The advocates also worked to share their experience with peers on campus. As students in the History Department’s Community, Memory, and Historical Practice internship seminar this fall, they further explored Truth’s life and work, presenting their findings shortly before the Thanksgiving holiday.

“I found [Truth] so inspirational because of her strength and resilience to continue fighting for herself, her family, and her people during a period where Black women had little to no power,” Castillo said.

“She was so iconic,” Gary added. “She’s a mother, she escaped to freedom with her infant daughter. She freed her son from slavery. She gave incredible speeches.”

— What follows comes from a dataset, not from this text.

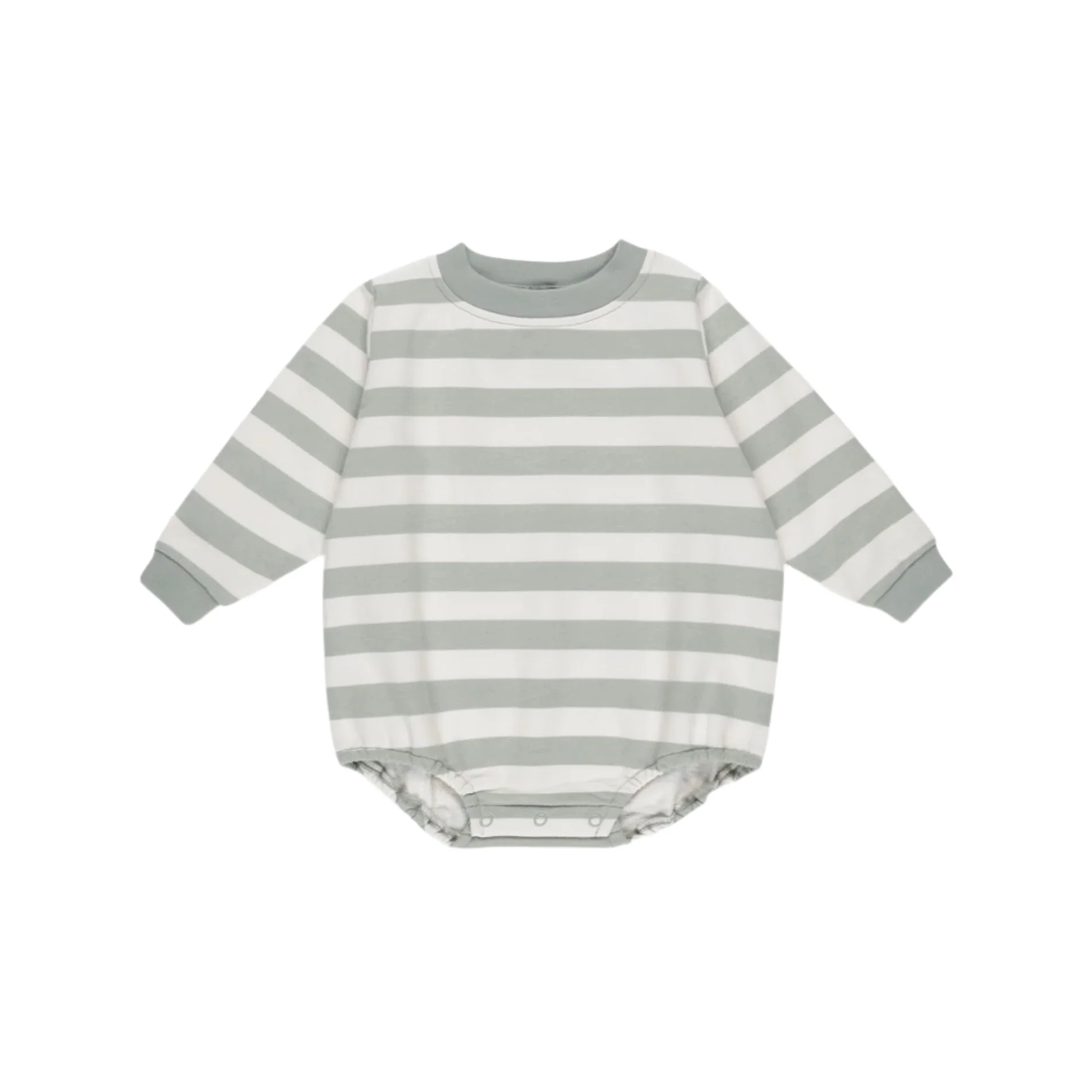 Crewneck Bubble Romper - Sage Stripe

While they secured an initial goal with the Sojourner Truth Day proclamations in Ulster County, Gary and Castillo are continuing to draw attention to the human rights activist’s legacy. They hope to expand Sojourner Truth Day as a statewide day of remembrance, and are also collaborating on a project to replace outdated language about Truth on a plaque outside the Ulster County Courthouse, where in 1828 Truth fought for her son to be freed from slavery.

[UPDATE, Dec. 1: New York State Senator Michelle and Assemblymember Kevin Cahill ’77 (Political Science) have announced legislation designating Nov. 26 of each year as Sojourner Truth Day in the State of New York.]

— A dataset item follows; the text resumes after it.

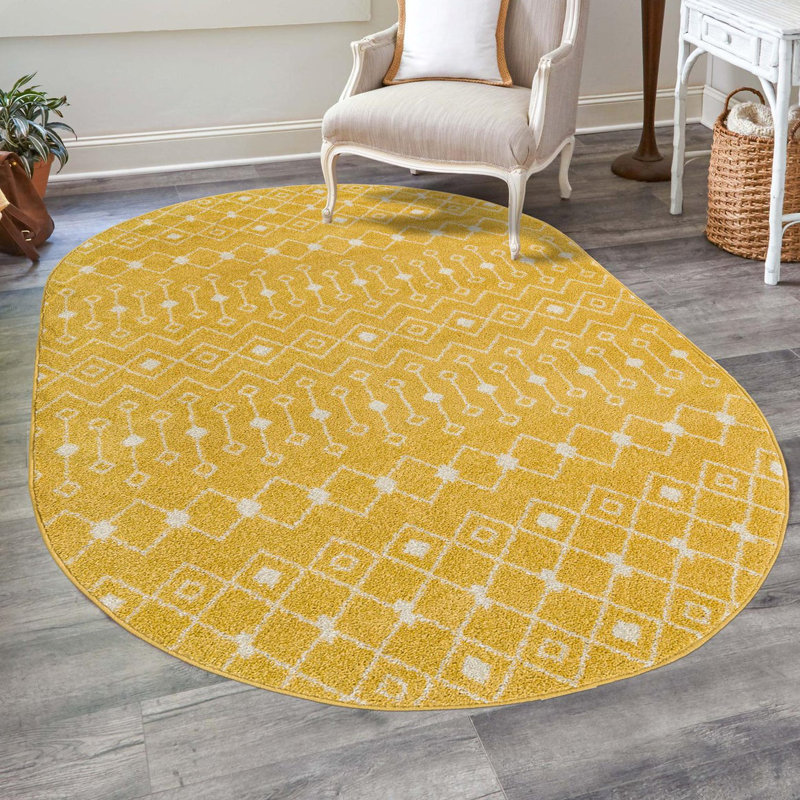 Tapis d'intérieur Somerville, Yellow, Oval 4' x 6'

“There’s a lot more work to be done that I plan on being a part of,” said Gary.

More information on Sojourner Truth’s life and work is available through this special collection at the Sojourner Truth Library.


Thinking about other ways you can honor Truth’s legacy? Castillo, Gary and their partners at the Kingston YMCA Farm Project are asking the community to consider some of these actions:

Visit Sojourner Truth statues in Ulster County in Port Ewen, the Town of Esopus or in Highland at the Walkway Over the Hudson;

Take a walk on the Sojourner Truth Trail at Shaupeneak Ridge;

Read books about Sojourner Truth like “The Narrative of Sojourner Truth” and James Ransome’s children’s book “My Name is Truth: The Life of Sojourner Truth;”

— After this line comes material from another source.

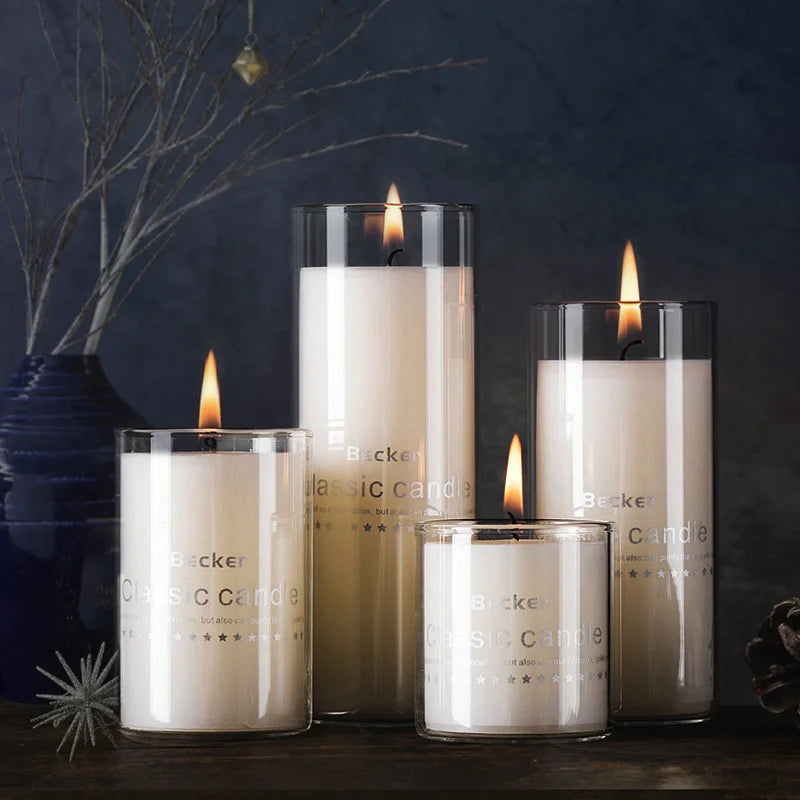 Glass Candle Holders Dia 8cm Cylinder Vases for Pillar Candle, Holders or Flower Vase Wedding Decoration Candlelight Dinner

Have bookstores and libraries create displays with Sojourner Truth books so people can gain knowledge about her;

Critique the language used when talking or reading about enslaved people;

Share what you have learned with friends and loved ones;

Donate to the Library at the A.J. Williams Myers African Roots Center;

Support Black-owned businesses (an internet search for Black-owned businesses in the Hudson Valley brings up many sources);

Listen to a podcast about Sojourner Truth;

Use the hashtag #SojournerTruthDay to share the ways she has been honored by those participating.